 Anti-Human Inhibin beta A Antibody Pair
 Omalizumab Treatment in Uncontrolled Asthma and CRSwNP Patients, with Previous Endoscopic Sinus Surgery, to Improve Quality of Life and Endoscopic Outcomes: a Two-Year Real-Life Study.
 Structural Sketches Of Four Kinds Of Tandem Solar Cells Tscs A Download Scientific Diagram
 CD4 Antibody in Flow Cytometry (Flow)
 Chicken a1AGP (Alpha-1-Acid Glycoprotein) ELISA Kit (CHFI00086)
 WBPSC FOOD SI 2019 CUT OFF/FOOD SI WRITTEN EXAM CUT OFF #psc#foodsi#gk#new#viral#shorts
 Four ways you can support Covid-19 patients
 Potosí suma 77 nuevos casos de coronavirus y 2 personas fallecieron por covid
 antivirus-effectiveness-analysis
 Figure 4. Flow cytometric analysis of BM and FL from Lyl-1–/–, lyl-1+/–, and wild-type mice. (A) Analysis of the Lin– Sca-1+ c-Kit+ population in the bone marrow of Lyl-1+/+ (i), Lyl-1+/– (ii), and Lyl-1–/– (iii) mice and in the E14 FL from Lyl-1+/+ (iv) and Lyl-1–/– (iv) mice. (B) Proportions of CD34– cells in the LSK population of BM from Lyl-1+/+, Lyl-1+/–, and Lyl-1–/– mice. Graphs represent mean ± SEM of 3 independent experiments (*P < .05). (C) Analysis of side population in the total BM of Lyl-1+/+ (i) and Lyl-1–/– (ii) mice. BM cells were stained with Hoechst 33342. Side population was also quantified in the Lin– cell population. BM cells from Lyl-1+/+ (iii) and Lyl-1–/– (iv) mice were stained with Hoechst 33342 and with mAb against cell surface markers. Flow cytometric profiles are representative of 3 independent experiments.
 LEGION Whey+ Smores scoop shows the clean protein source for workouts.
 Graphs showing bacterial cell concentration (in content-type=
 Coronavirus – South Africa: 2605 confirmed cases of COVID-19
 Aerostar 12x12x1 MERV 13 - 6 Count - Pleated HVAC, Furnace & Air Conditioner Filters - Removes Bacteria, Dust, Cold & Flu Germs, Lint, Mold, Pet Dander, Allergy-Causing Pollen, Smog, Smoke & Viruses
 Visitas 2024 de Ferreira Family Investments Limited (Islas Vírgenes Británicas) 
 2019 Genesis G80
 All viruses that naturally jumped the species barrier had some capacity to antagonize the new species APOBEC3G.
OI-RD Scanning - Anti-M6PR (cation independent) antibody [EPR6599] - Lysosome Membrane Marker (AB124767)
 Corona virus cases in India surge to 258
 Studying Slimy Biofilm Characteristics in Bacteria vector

☆ ☆ ☆

_Task brief_
Look through the records above and report how many lines hold the word "Four", giving only the number.

_The completed task_
2